• Task details: For the entries below, the expected answer is the line with "Electronic sensor OPEL", the line with "SJP NYC Eau De Toilette, 1-Fluid Ounce", and every line between them, exactly as written, and nothing more.

• Entries supplied:
——

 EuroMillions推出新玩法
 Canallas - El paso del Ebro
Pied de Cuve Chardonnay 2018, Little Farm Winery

——

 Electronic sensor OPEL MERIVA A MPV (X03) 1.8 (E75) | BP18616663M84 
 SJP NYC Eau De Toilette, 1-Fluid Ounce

——

• Written solution:
 Electronic sensor OPEL MERIVA A MPV (X03) 1.8 (E75) | BP18616663M84 
 SJP NYC Eau De Toilette, 1-Fluid Ounce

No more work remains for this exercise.